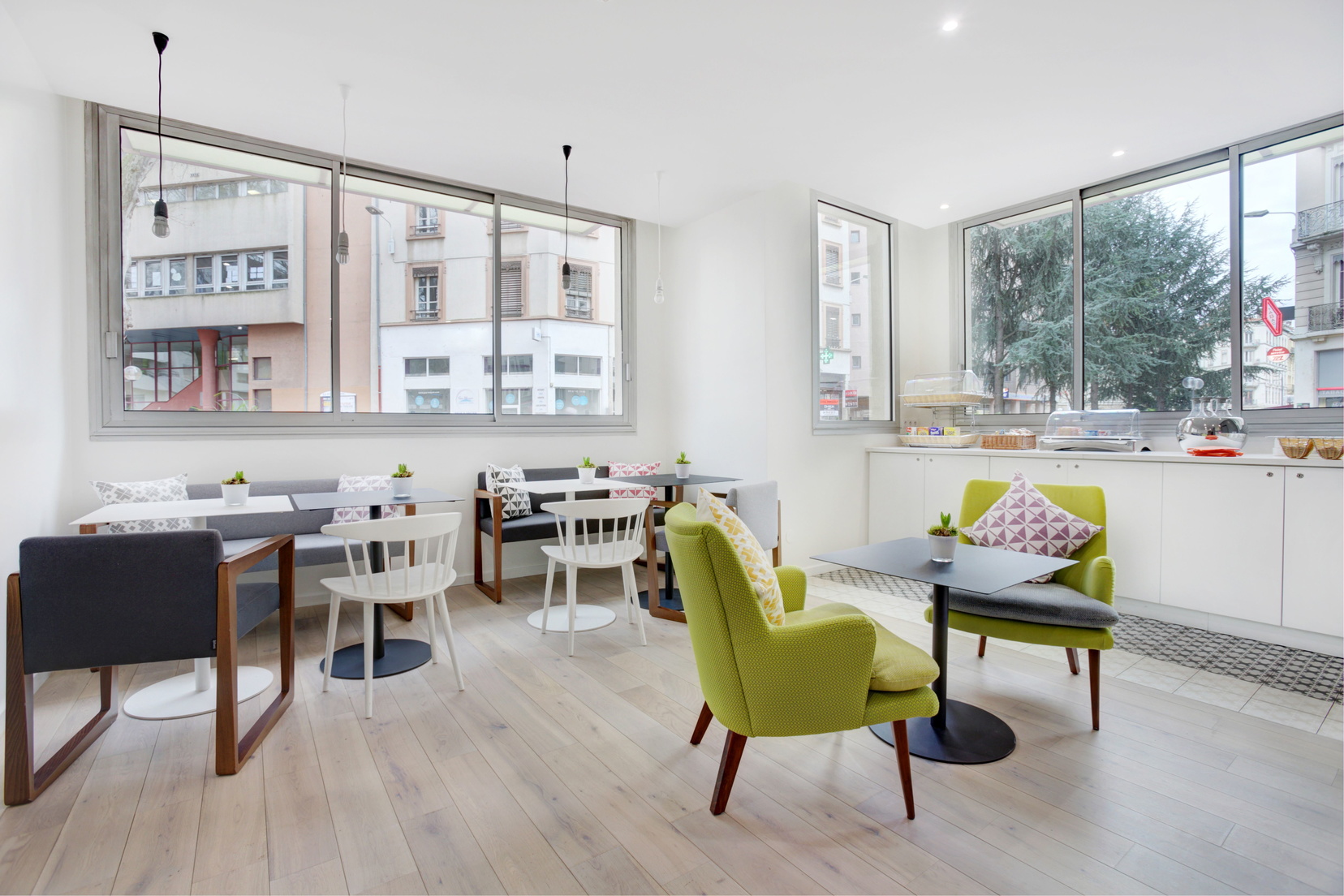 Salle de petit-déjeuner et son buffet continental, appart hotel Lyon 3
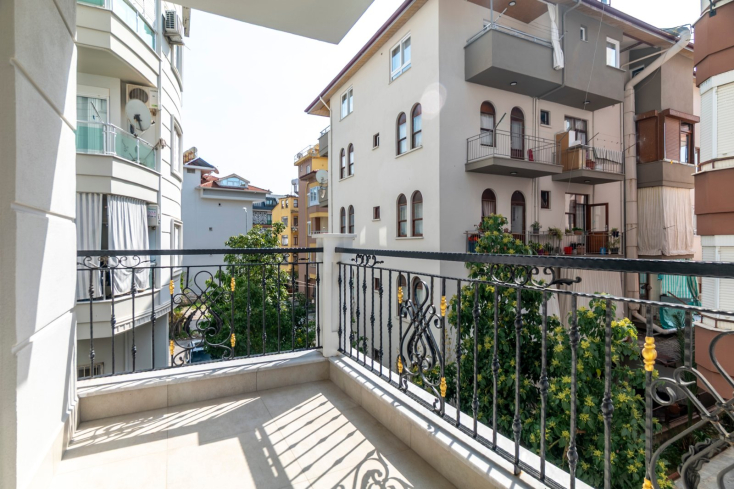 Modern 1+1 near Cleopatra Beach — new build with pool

● ● ● ● ● ● ●

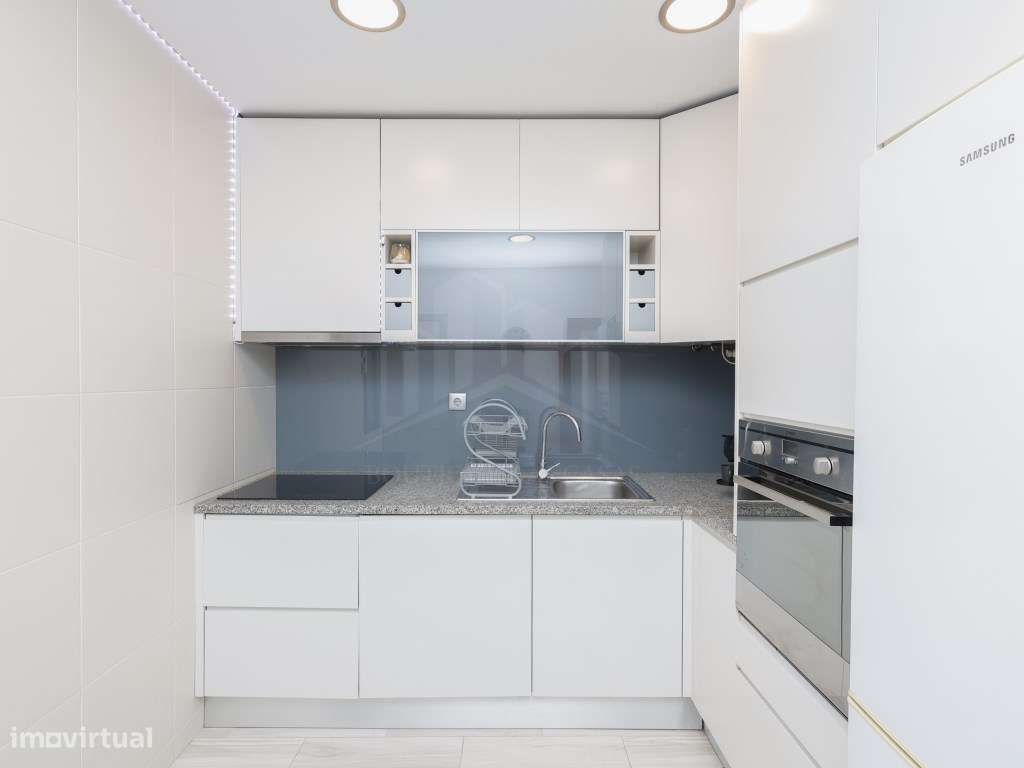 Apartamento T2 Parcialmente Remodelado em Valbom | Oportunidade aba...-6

● ● ● ● ● ● ●

**EXERCISE**
Leaving all pictures out, output exactly the lines of the material above from the line with "Salle de petit-déjeuner" to the line with "Modern 1+1 near", both included.

**RESULT**
 Salle de petit-déjeuner et son buffet continental, appart hotel Lyon 3
 Modern 1+1 near Cleopatra Beach — new build with pool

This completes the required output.